*Task prompt*
Return the lines of the material below exactly, beginning with the line that has "Alek USB 3.0" in it and finishing with the line that has "Case von Olgary" in it. Leave all pictures aside.

*Given entries*

- - - - - - -

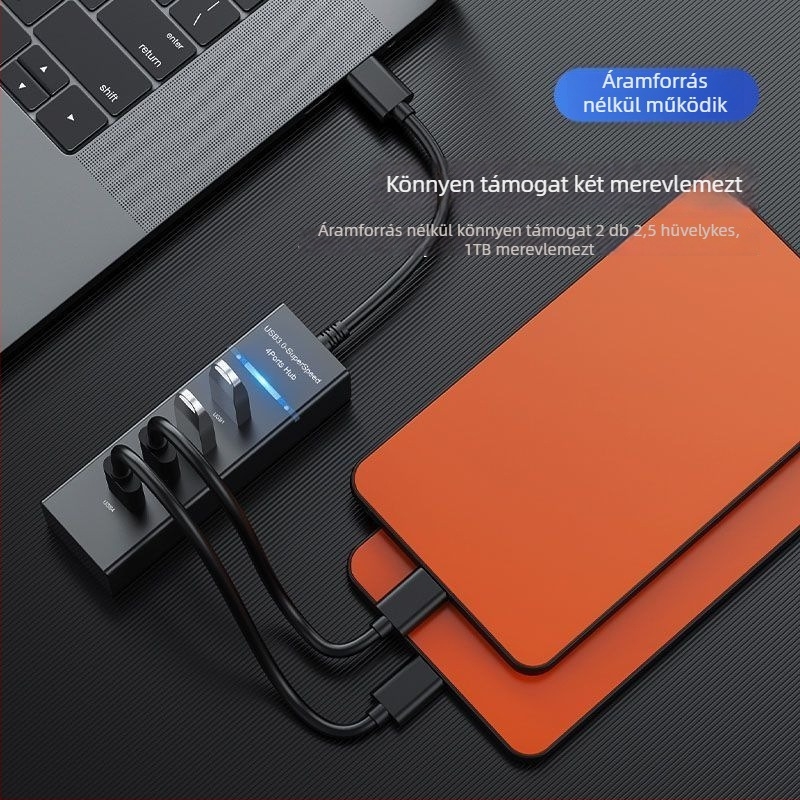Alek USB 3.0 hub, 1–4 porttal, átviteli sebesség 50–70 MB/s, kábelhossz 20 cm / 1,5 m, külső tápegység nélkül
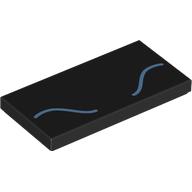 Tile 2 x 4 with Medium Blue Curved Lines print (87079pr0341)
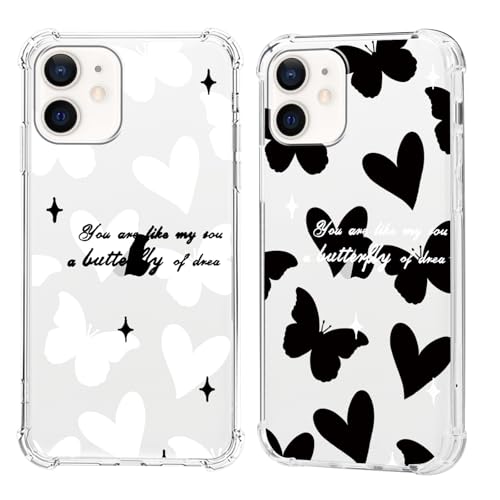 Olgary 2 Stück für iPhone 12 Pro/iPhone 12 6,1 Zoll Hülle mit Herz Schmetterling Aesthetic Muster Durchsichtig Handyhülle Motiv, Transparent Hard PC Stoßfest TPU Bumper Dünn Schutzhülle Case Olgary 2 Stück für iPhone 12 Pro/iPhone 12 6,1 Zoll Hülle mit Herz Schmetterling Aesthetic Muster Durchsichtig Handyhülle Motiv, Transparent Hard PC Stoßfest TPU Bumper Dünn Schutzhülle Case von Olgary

- - - - - - -

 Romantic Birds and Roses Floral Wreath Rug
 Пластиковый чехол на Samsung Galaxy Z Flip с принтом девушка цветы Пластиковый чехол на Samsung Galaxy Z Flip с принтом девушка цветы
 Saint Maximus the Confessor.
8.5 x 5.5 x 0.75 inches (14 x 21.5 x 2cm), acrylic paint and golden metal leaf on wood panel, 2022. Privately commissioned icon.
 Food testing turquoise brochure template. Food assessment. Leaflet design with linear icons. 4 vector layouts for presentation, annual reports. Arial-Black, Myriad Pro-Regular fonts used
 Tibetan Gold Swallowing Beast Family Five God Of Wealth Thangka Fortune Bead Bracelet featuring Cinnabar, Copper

- - - - - - -

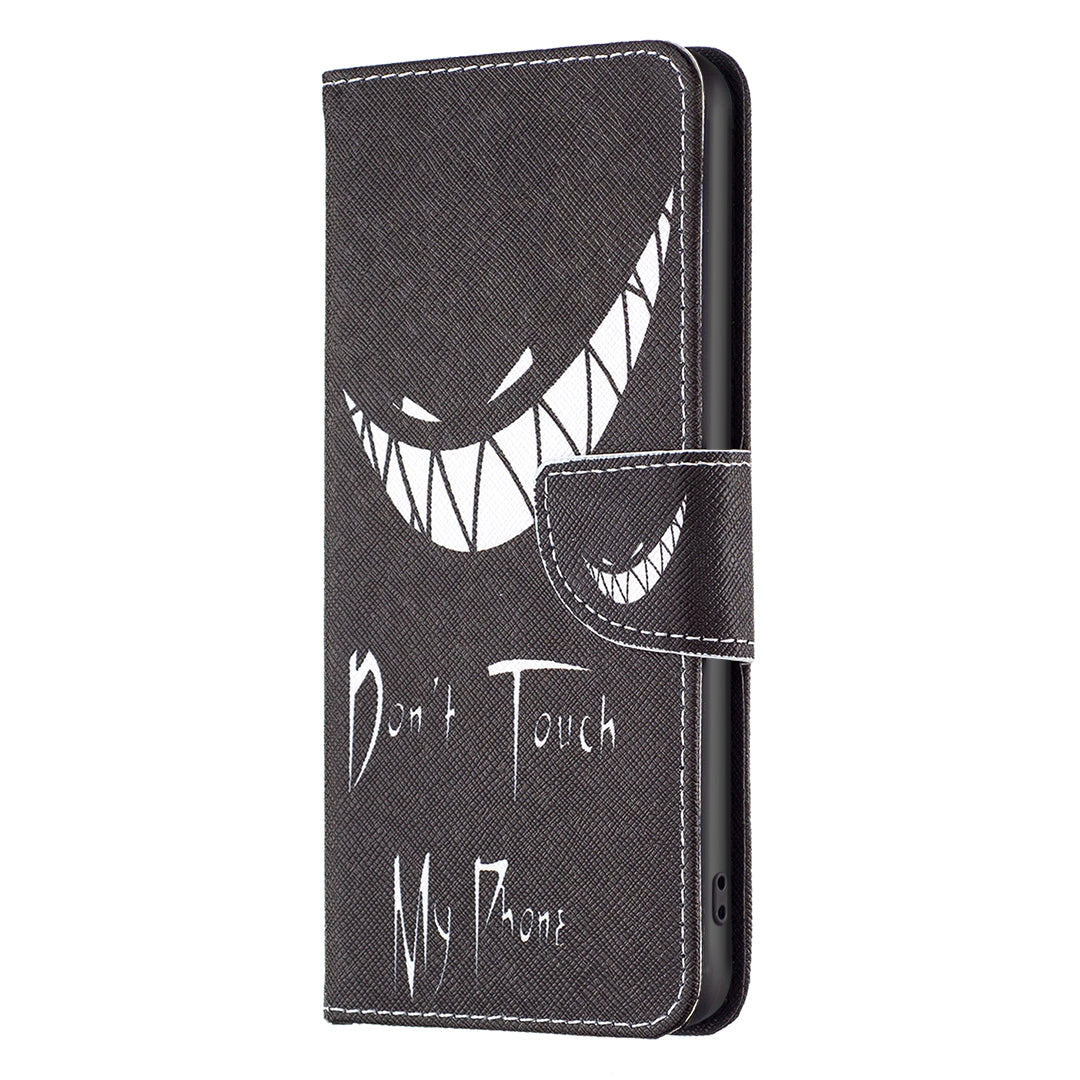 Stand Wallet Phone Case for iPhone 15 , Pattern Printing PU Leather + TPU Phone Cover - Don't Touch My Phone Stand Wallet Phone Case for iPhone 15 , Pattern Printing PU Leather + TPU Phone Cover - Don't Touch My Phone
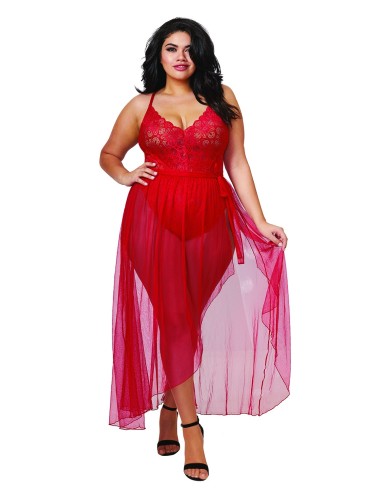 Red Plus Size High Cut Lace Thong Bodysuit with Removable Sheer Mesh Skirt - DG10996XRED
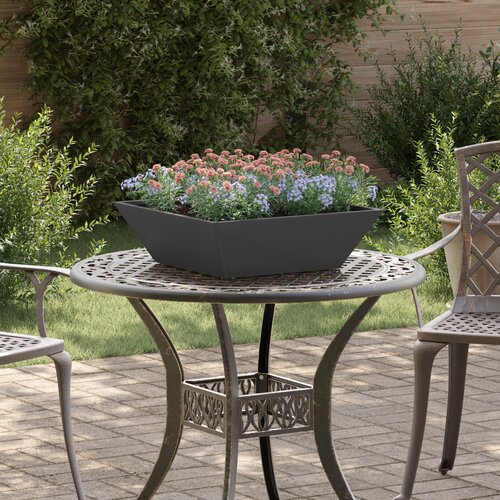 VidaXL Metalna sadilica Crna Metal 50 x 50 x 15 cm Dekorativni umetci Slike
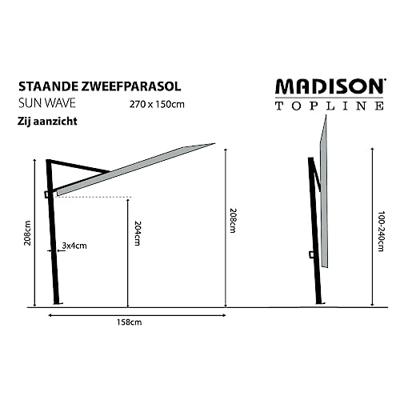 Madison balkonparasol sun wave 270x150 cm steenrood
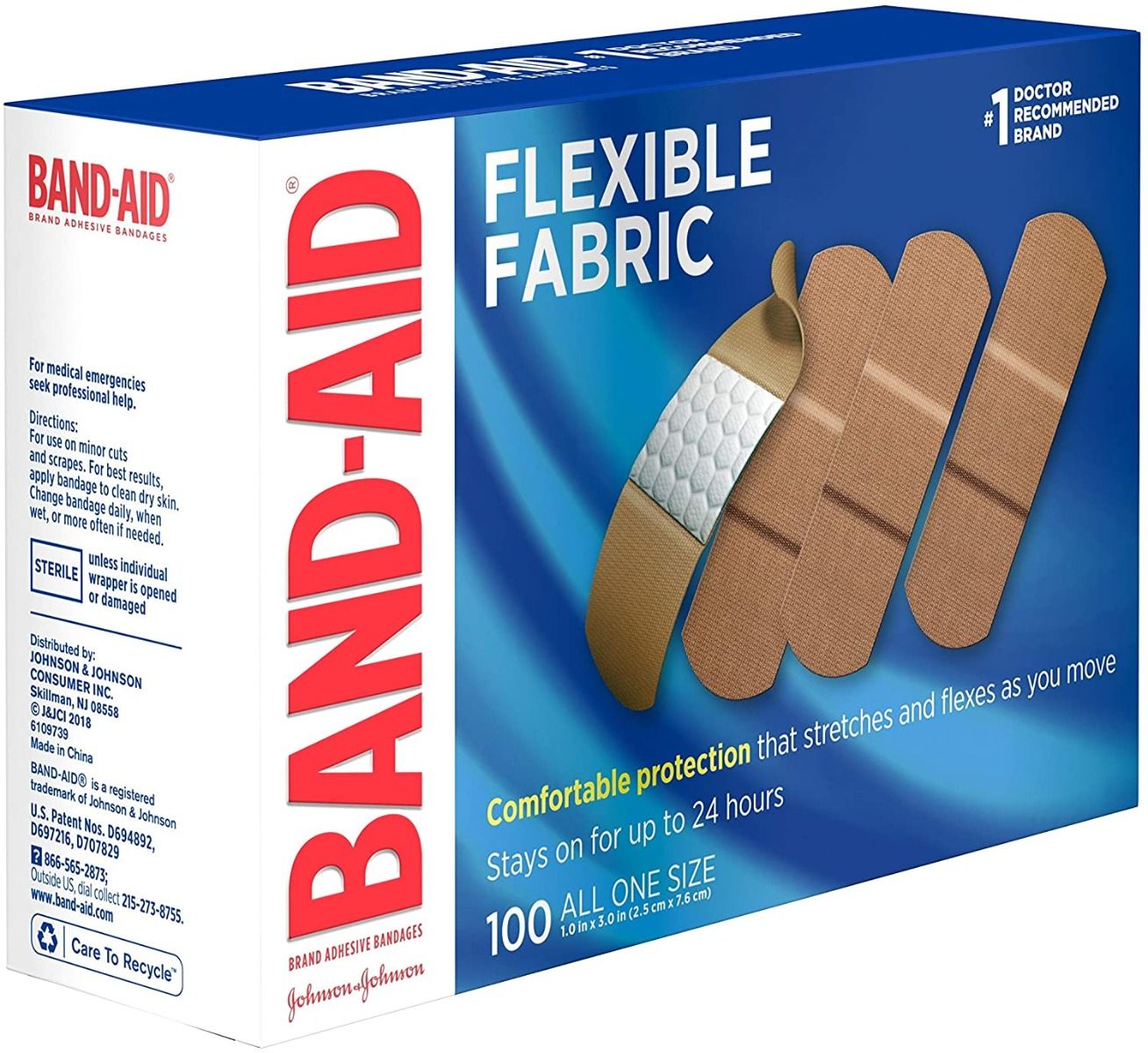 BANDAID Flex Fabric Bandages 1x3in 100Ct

- - - - - - -

*Solution*
Alek USB 3.0 hub, 1–4 porttal, átviteli sebesség 50–70 MB/s, kábelhossz 20 cm / 1,5 m, külső tápegység nélkül
 Tile 2 x 4 with Medium Blue Curved Lines print (87079pr0341)
 Olgary 2 Stück für iPhone 12 Pro/iPhone 12 6,1 Zoll Hülle mit Herz Schmetterling Aesthetic Muster Durchsichtig Handyhülle Motiv, Transparent Hard PC Stoßfest TPU Bumper Dünn Schutzhülle Case Olgary 2 Stück für iPhone 12 Pro/iPhone 12 6,1 Zoll Hülle mit Herz Schmetterling Aesthetic Muster Durchsichtig Handyhülle Motiv, Transparent Hard PC Stoßfest TPU Bumper Dünn Schutzhülle Case von Olgary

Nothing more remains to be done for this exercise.